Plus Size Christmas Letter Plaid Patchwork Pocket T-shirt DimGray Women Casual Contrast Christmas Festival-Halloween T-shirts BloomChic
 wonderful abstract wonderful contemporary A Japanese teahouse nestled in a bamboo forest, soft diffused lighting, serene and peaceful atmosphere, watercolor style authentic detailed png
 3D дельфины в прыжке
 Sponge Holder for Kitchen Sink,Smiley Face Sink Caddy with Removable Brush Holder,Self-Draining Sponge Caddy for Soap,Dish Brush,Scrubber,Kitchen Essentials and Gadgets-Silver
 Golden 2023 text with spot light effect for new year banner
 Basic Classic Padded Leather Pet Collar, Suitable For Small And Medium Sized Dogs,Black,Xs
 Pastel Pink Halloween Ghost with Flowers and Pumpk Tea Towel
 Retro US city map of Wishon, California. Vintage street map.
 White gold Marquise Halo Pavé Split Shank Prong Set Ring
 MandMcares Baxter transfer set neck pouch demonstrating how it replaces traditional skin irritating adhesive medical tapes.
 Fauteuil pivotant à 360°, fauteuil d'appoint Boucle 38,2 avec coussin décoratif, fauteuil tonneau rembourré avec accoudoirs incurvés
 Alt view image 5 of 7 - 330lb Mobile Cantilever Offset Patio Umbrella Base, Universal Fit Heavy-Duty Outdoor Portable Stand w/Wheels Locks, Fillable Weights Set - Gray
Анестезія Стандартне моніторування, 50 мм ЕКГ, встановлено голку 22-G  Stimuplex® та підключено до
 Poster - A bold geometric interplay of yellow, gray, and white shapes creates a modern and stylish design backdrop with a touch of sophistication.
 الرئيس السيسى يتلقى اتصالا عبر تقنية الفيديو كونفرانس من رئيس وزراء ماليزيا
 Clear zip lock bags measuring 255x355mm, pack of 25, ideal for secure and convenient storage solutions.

Problem
Exactly and only the lines from the one containing "الرئيس السيسى يتلقى" through the end of the material are to be reproduced, both ends included.

The answer
 الرئيس السيسى يتلقى اتصالا عبر تقنية الفيديو كونفرانس من رئيس وزراء ماليزيا
 Clear zip lock bags measuring 255x355mm, pack of 25, ideal for secure and convenient storage solutions.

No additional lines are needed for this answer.